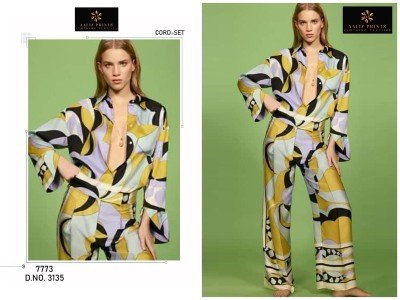 Aaliz Prints Hollywood Cord Set Vol 1 Fabric Lawn fabric for top and plazo Wholesale co ord set catalogs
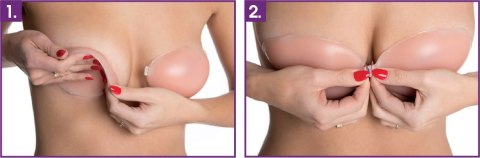 Biustonosz SAMONOŚNY silikonowy JULIMEX BS-01 transparentny - D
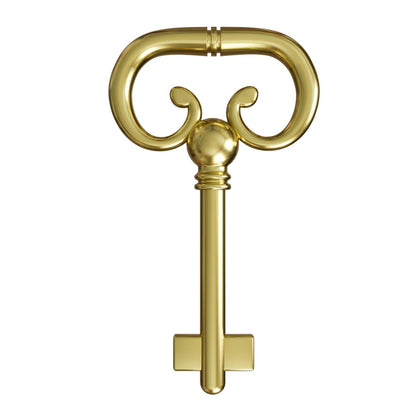 KY-8B D-1902 Roll Top Desk Brass Plated Hollow Lock Key- (Pack of 1)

# # # # #

The job is to return the listing above exactly, minus its pictures.

 Aaliz Prints Hollywood Cord Set Vol 1 Fabric Lawn fabric for top and plazo Wholesale co ord set catalogs
 Biustonosz SAMONOŚNY silikonowy JULIMEX BS-01 transparentny - D
 KY-8B D-1902 Roll Top Desk Brass Plated Hollow Lock Key- (Pack of 1)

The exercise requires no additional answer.